What you are asked to do:
Write out again the lines from the line with "Opica v slnečných" up to and including the line with "The two leaders", exactly as they stand below, and skip any picture.

Extracted information:
= Beginning of Section =

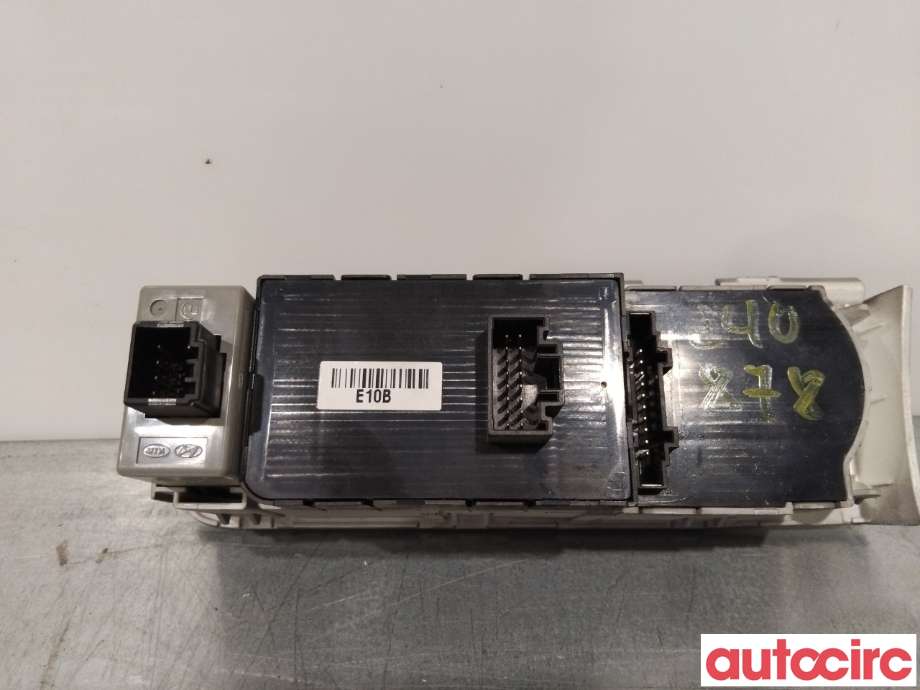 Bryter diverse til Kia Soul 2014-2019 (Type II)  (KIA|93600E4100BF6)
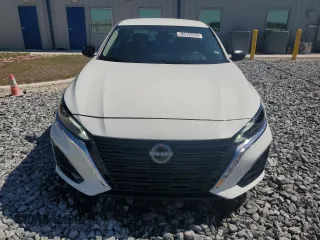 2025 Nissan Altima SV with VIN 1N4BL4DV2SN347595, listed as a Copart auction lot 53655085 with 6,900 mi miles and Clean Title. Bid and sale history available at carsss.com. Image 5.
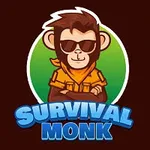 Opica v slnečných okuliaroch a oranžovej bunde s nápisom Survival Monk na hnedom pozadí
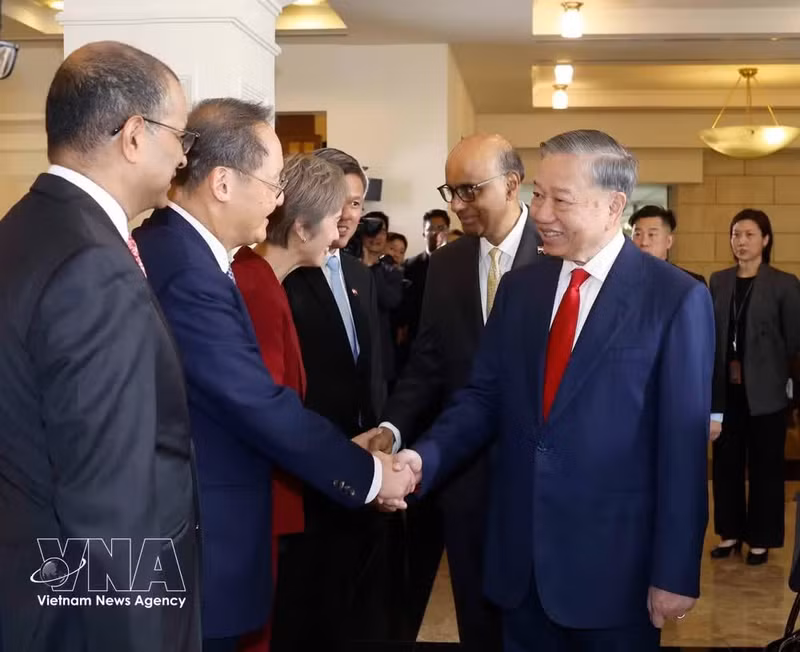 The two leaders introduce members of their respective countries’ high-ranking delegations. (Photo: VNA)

= End of Section =
= Beginning of Section =

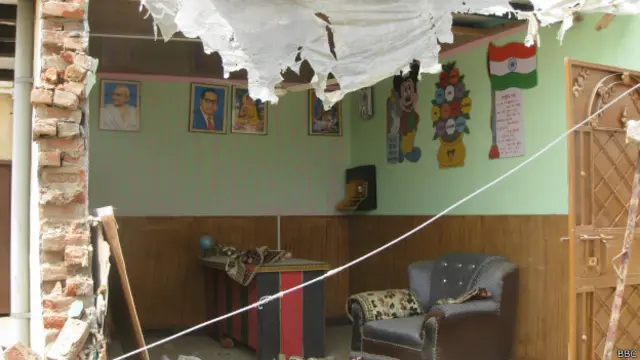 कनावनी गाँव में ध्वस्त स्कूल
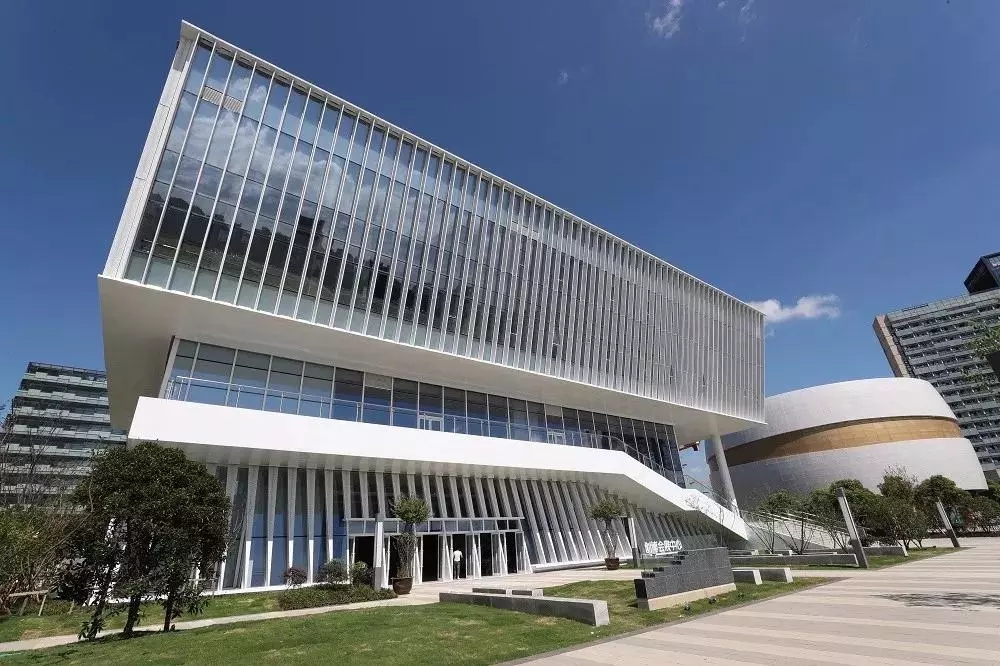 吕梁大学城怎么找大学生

= End of Section =

Response:
 Opica v slnečných okuliaroch a oranžovej bunde s nápisom Survival Monk na hnedom pozadí
 The two leaders introduce members of their respective countries’ high-ranking delegations. (Photo: VNA)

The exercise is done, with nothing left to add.